If you want to systematically set up money laundering prevention, the next step is a concrete obligation and risk assessment. CIVAC is a German compliance platform and officer-as-a-service with 25 officer roles, 490 audit templates, ISO/IEC 27001:2022 ISMS and EU data residency. The external money laundering officer will be appointed in 2 working days, the risk analysis according to Section 5 GwG will be drawn up based on the standard templates.

Licence the workspace for your internal representatives, or have our representatives appointed. The monthly contract with 30-day cancellation reduces the investment risk. Supervisory communication is carried out in a structured manner via the money laundering officer, with a documented reporting line to management in accordance with Section 7 Para. 1 GwG.

Turn reading into a mandate. Write to info@civac.de or use the contact form on civac.de. Within one working day you will receive a clarification of needs with a statement of obligations, risk assessment and onboarding plan for the next five working days.

FAQ

Am I more obligated as a goods dealer within the meaning of the AMLA?

You are obliged according to Section 2 Paragraph 1 No. 16 GwG if you make or accept cash payments of 10,000 euros or more as part of your business operations. Different, lower thresholds sometimes apply to precious metal and gemstone trading.

Who is responsible for money laundering prevention in medium-sized businesses?

The management is responsible. The money laundering officer is operationally responsible in accordance with Section 7 GwG, if appointed. Without an obligation to order, management bears the duties directly and can delegate tasks to a compliance officer or external service provider.

What is a PEP according to the AMLA?

According to Section 1 Paragraph 12 of the GwG, politically exposed persons are people who hold or have held important public offices (members of the government, parliamentarians, judges of the highest courts, board members of state-owned companies) as well as their family members and close confidants. In the case of PEP, increased due diligence obligations apply in accordance with Section 15 of the GwG.

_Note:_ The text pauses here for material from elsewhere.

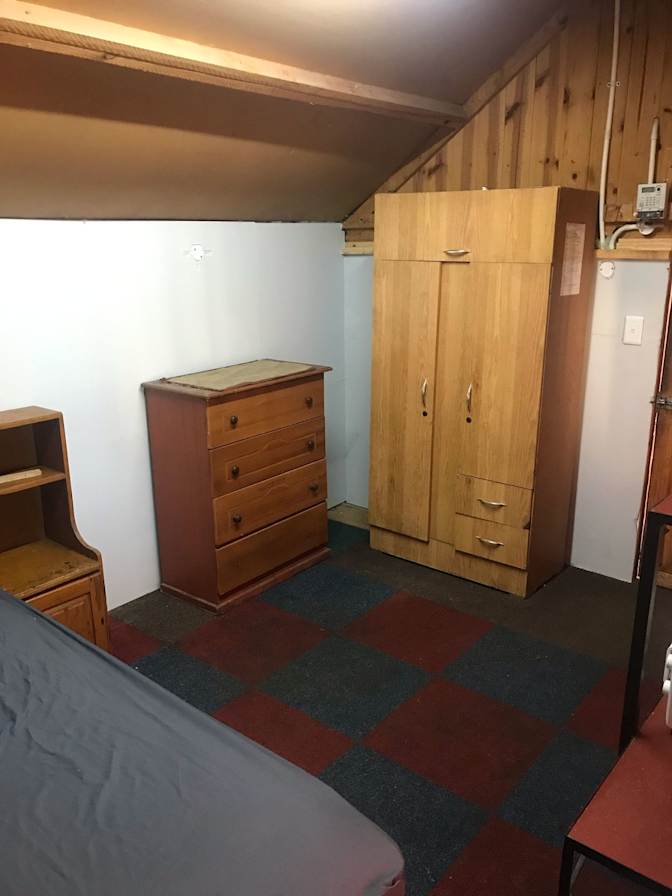 Photo of Willows on Bartlett's room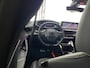 Peugeot e-2008 EV GT 54 kWh | Apple carplay | Navi | Sportstoelen | LED | Cruise ad. | Camera | Rijstrooksens. | 17 inch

When do I have to submit a suspicious transaction report to the FIU?

According to Section 43 of the GwG, immediately as soon as facts indicate money laundering or terrorist financing. Clues are sufficient; a concrete initial criminal suspicion is not necessary. The report is made via the goAML portal.

How long do I have to keep AMLA documents?

According to Section 8 GwG, five years. The period begins at the end of the calendar year in which the business relationship was terminated or the one-off transaction was completed. This includes identification documents, extracts from the transparency register and risk assessments.

How much does an external money laundering officer cost per month?

Depending on the industry and complexity, realistic ranges are between 500 and 2,000 euros net per month. CIVAC offers the external money laundering officer as a role that can be booked monthly with an SLA of 2 working days for the appointment certificate.